Wednesday, April 22, 2015

April and Paris and Some Other Stuff

"I am at the moment writing a lengthy indictment against our century. When my brain begins to reel from my literary labors, I make an occasional cheese dip.” - John Kennedy Toole

OMGYOUGUYS. It's time for my monthly blog post. I'm really killing it this year. I figure one a month and then MyBloWriMo in November again, and I've got a real thing going here.

So let's talk about April!

Son of a gun. I just took a sip of my coffee and realised that I forgot to boil the water in the kettle before pouring it in. WHAT FOUL BEAST IS THIS CUP!

Ah, well. Too lazy to get up and fix it. *slurp*

Okay. It turns out I have very little to say about April. Or possibly too much, and can't be bothered with the effort of applying all those words to paper screen. Also I worry about putting too many words here, because isn't that a thing that causes people to lose interest in things these days?

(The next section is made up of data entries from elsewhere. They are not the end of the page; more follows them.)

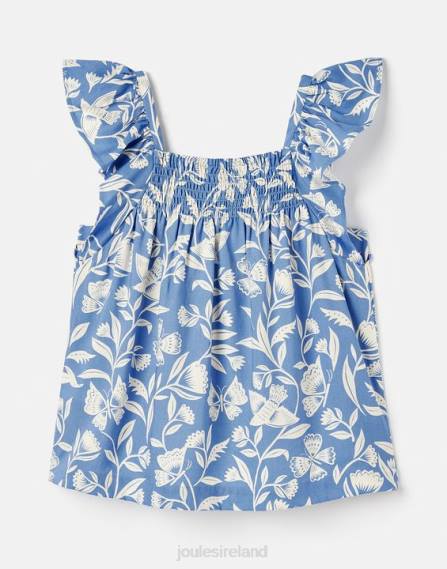 Apparel IE Joules Girls Nicola Shirred Top 5-12 Years BUTTERFLY BLUE JVVL271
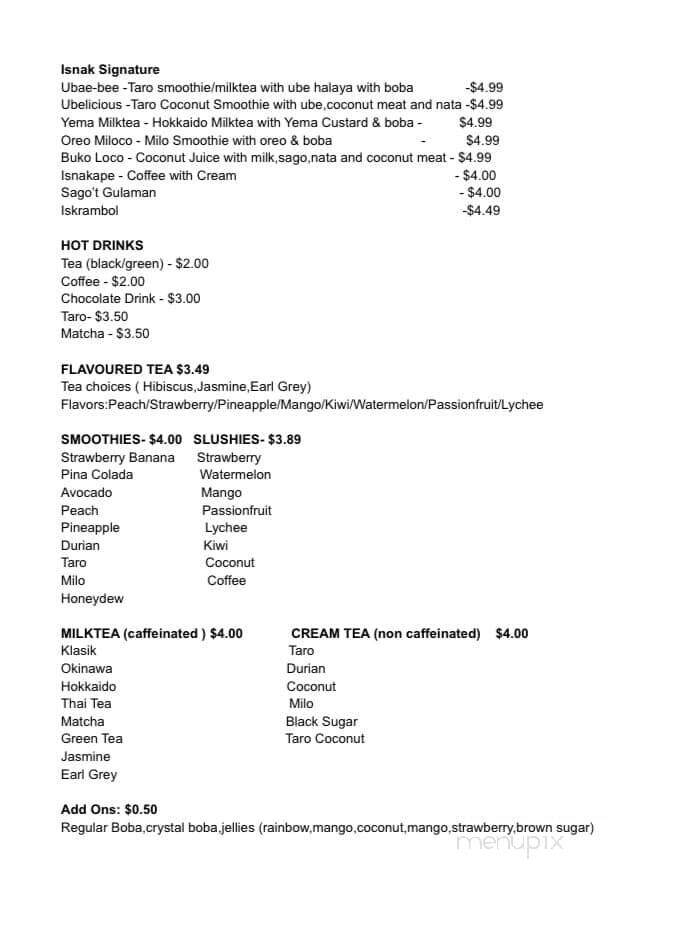 Isnak Cafe - Katy, TX menu_pic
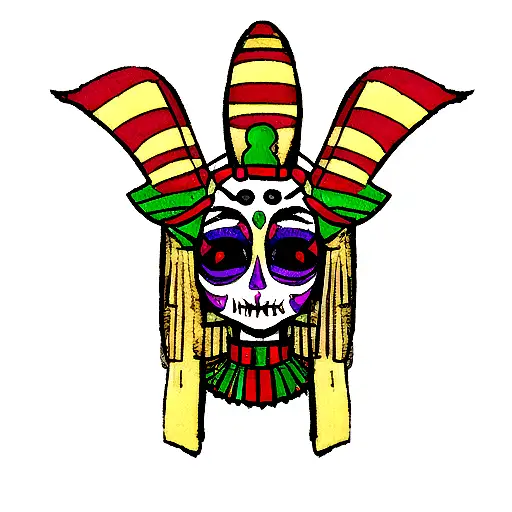 An Egyptian Pharaoh Adorned With Dia De Los Muertos Face Paint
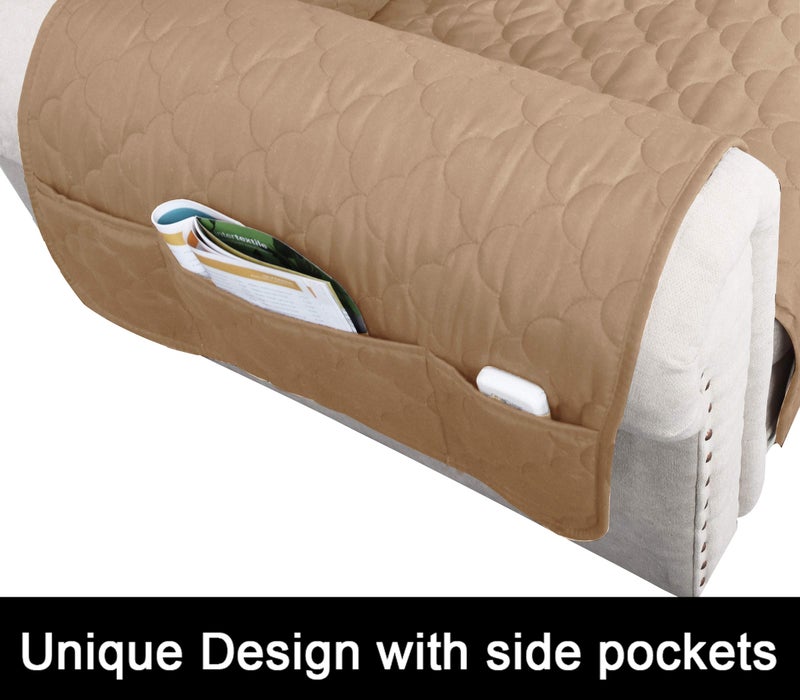 CHHKON Waterproof Nonslip Recliner Cover Stay in Place, Dog Couch Chair Cover Furniture Protector, Ideal Loveseat Slipcovers for Pets and Kids (Sand, 30'') - Image 4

So on that note: Hey! Pictures!

We went to Paris the weekend before Easter and it was lovely. I forgot how lovely it was. I don't know why I don't go more often, it's so ridiculously close. That's actually probably why: when a weekend can be spared for a city break, there's a sense of 'I can go to Paris anytime! It's right there! But Berlin, on the other hand, is totally new to me...!'

This time, though, an exception was made because the Eurostar vouchers in our grubby little paws required us to go. And I'm glad they did. Just LOOK at the place:

They've got buildings and stuff.

This visit was particularly exciting because I recently acquired a new lens - an absolute stunner of a telephoto (thank you, Uncle John! I love it too much!!) - and I couldn't wait to give it a go. It meant I could photograph all the people I wanted from a masterful, unobserved distance. A dream come true! Usually I'd have to get right up in people's faces to get a good shot, which made me tons of friends. 

Do you know what I think my favourite thing in France is? The flea markets. The combination of charm and junk is just bar-none. You can really find some spectacular trinkets, and the flea market at Place d'Aligre was no exception. It was chock-FULL of stuff I didn't need but desperately wanted. It also had produce, but as a tourist staying in a hotel, there was little point to perusing those gems, other than to note the proliferation (and consequent affordability) of white asparagus, with a half-second thought spared to whether they'd fare well in a suitcase. 

Speaking of: I took some photos of all that gorgeous veg but they look like every other farmer's market photo in the history of farmer's market photos. Is there any way to shoot a food market that's remotely unique or interesting?  I mean, really, how many pictures of piles of citrus, layers of sausages, mounds of cheese, and stacks of vintage crates does the world need? I for one am all full up. 

But them people: 

I like to imagine that the guys in the top right photo are comparing their purchases: 'You paid HOW much for that gilded mirror?? That's it, I'm returning mine. I got robbed.'

 Paris has got food, too!:

We had gorgeous smoked meat at The Beast, a pizza picnic on the canal with Pink Flamingo, oysters at Paris Peche, carnitas at L'Adelita, and a stunning brunch at Claus. Also, bistros and stuff. Maybe all we did was eat, now that I think of it. 

When the sun comes out, the canal turns into a giant picnic:
Paris, London, Buenos Aires: all filled with unbearably hip cats.

Oooh, hey! We went to a museum! See! We ARE class.

 Look at this clock. Just LOOK at it. My new lens is insane. I think we also saw art, like paintings and sculptures and stuff.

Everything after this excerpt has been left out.